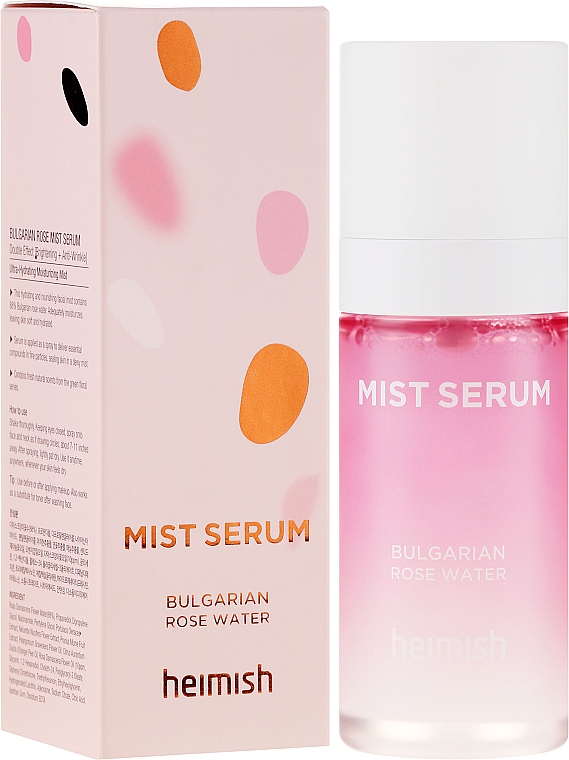 Hydratační sérum na obličej - Heimish Bulgarian Rose Water Mist Serum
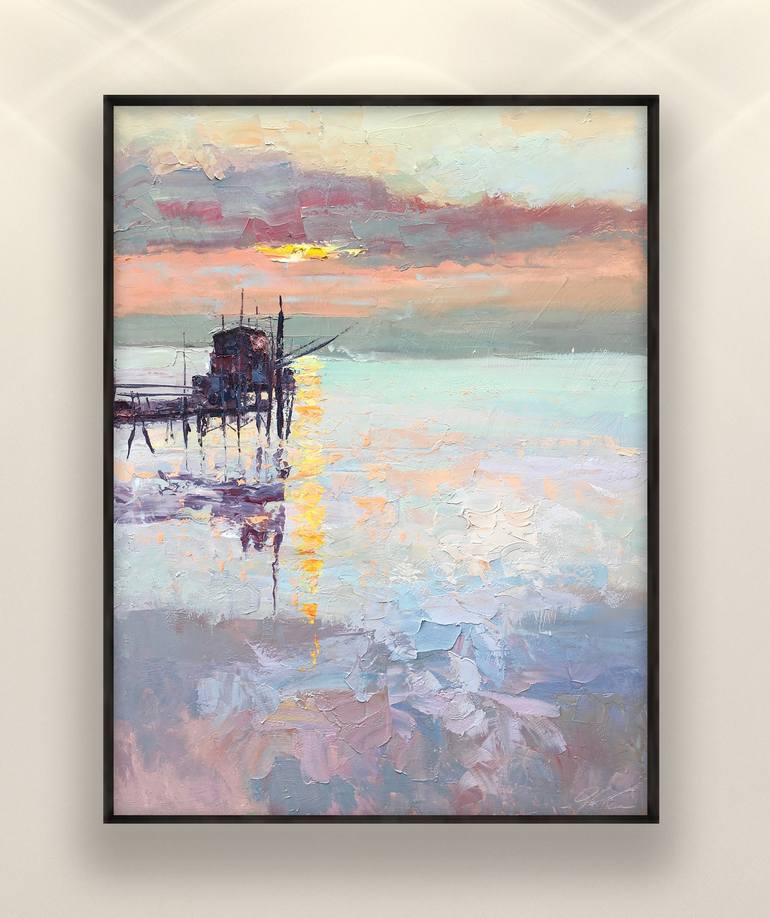 sunset painting ideas step by step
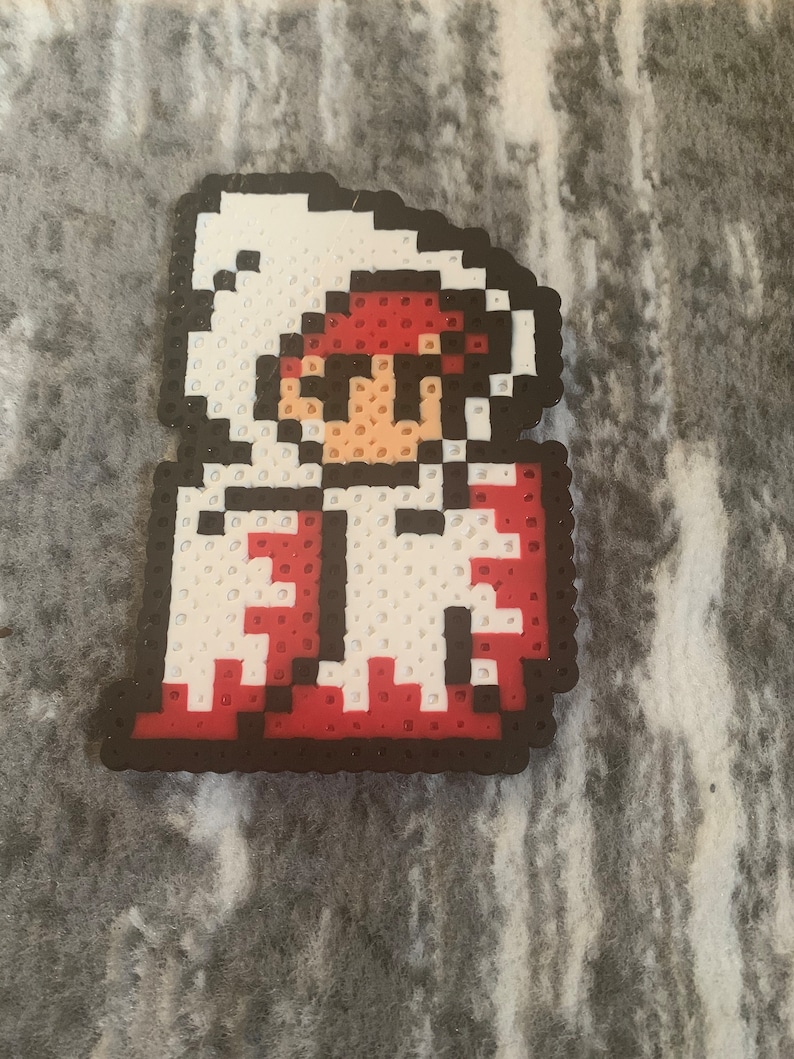 White Mage Final Fantasy 3 FAMICOM 8 BIT Perler Bead - Etsy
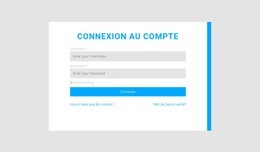 Connexion Au Compte Avec Bordure Droite – Modèles En Ligne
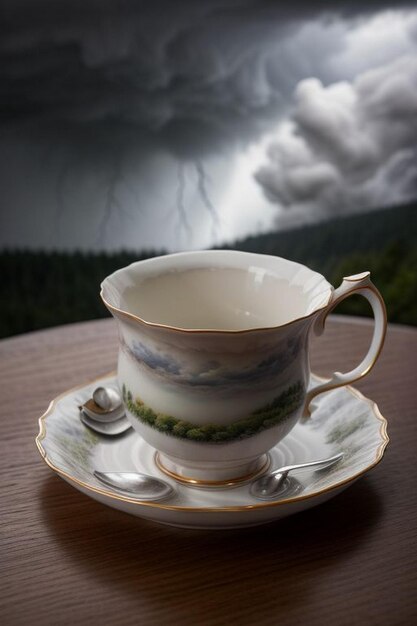 Tormenta por una taza de té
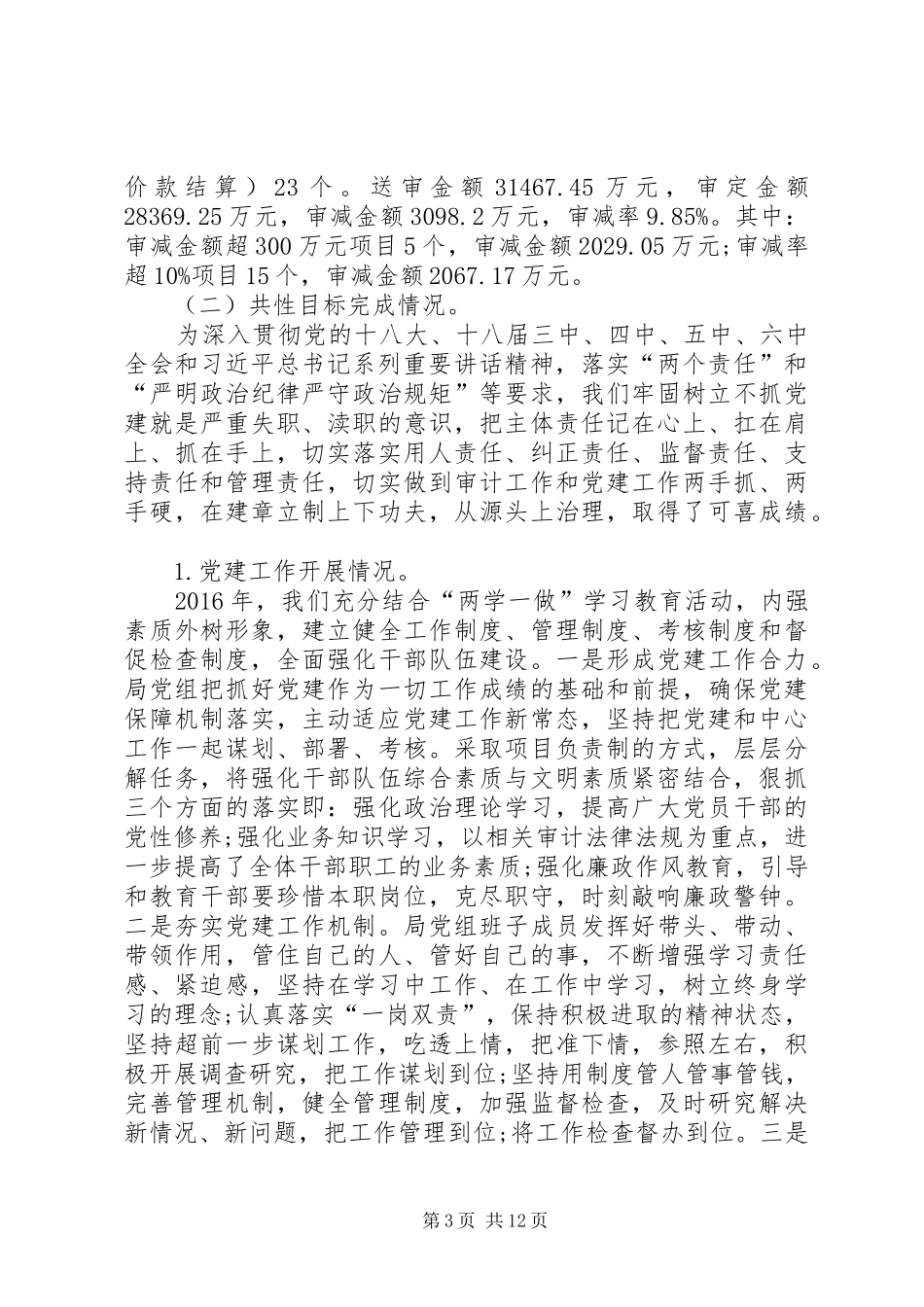 县审计局XX年度审计工作总结 _第3页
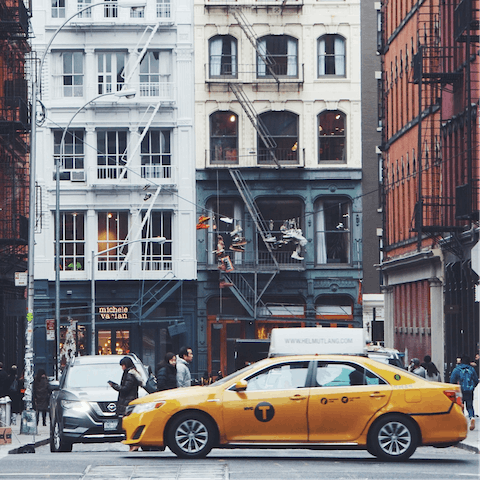 Step outside and stroll the atmospheric streets of SoHo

● Problem description
Everything in the listing is to be returned word for word, except the pictures.

● Exercise answer
 Hydratační sérum na obličej - Heimish Bulgarian Rose Water Mist Serum
 sunset painting ideas step by step
 White Mage Final Fantasy 3 FAMICOM 8 BIT Perler Bead - Etsy
 Connexion Au Compte Avec Bordure Droite – Modèles En Ligne
 Tormenta por una taza de té
 县审计局XX年度审计工作总结 _第3页
 Step outside and stroll the atmospheric streets of SoHo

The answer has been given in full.